Trump says governors playing 'political game' with virus tests

Trump says governors playing 'political game' with virus tests

Trump says governors playing 'political game' with virus tests

Mr Trump previously insisted the presidency had power over state governors to rule when lockdown restrictions should be lifted. In his daily briefing, he said that some governors have "more capacity than they understand".

The bipartisan House Problem Solvers Caucus said Monday the federal government must take the lead on implementing rapid mass testing for the novel coronavirus, and pushed back on President Trump's effort to lay the responsibility on state governors.

The president compared Democrats' push for testing with widespread concerns over a lack of ventilators as coronavirus cases were spiking and as health officials - including the president's advisers - grew increasingly anxious that hospitals would be overrun without social distancing measures and without mobilizing equipment.

Watch above, via The White House. "We are helping them more than a lot, actually". The Associated Press obtained audio of the call.

Pence said the administration sent an email to officials in each state on Monday detailing current testing capacity by state.
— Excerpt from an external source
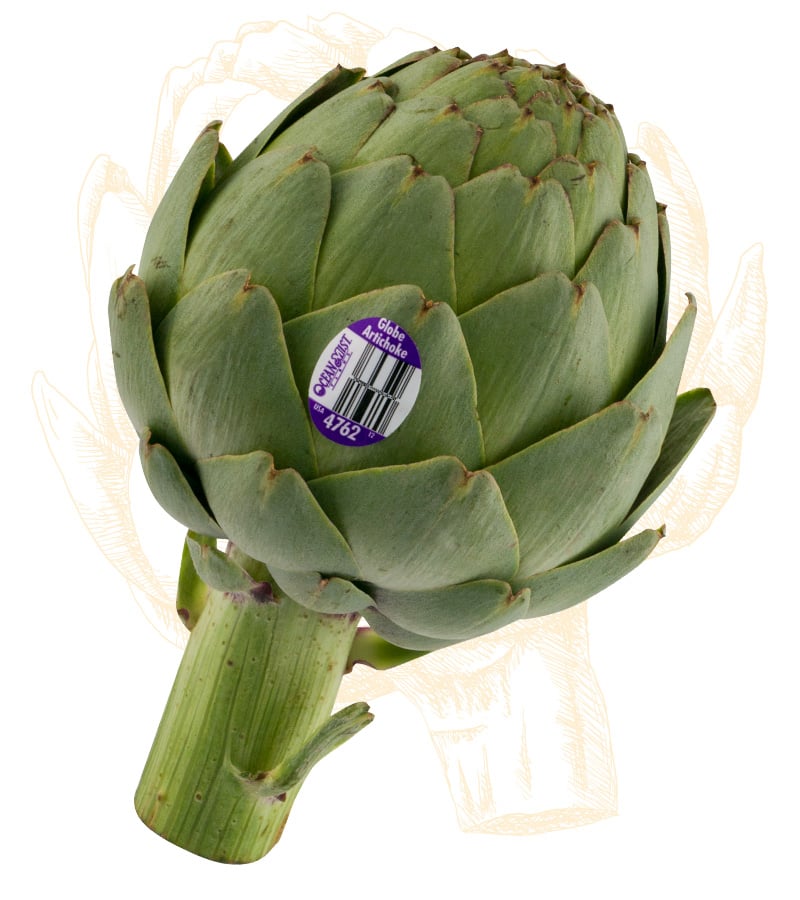 artichoke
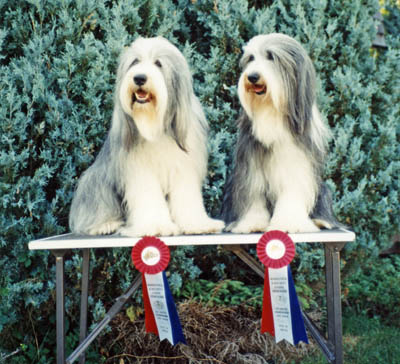 Snokey and Megan sitting on a grooming table in front of evergreens in the back garden. Both have won Best of Breed on the weekend and they are displaying their ribbons.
But Trump then discussed criticism from Maryland Gov. Larry Hogan, a Republican, who said he was forced to get the crucial materials from South Korea due to a shortage. Pence agreed to open up federal labs to help states.

"There are some people that don't want to do that much testing, but we're going maximum, we're going to the outer limits, and I think that's the way probably it should be".
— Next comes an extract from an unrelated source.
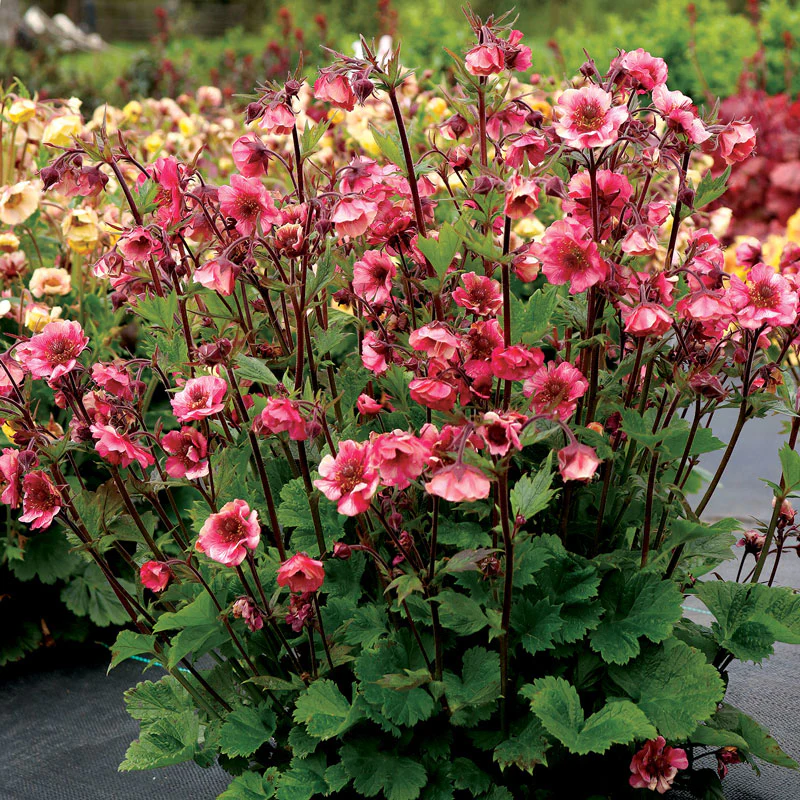 Tempo™ Rose Geum - Image 2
But he said it's "just not going to be possible", for society to wait until the fall to start to reopen, so states need to "take this very slow". The John Hopkins dashboard shows 617,555 people have so far been tested in NY, a state with 19.5 million population.

Labs at academic medical centers his group represents still face shortages of testing supplies, "whether it be swabs, whether it be reagents, whether it be the little plastic tubes", McKinney said.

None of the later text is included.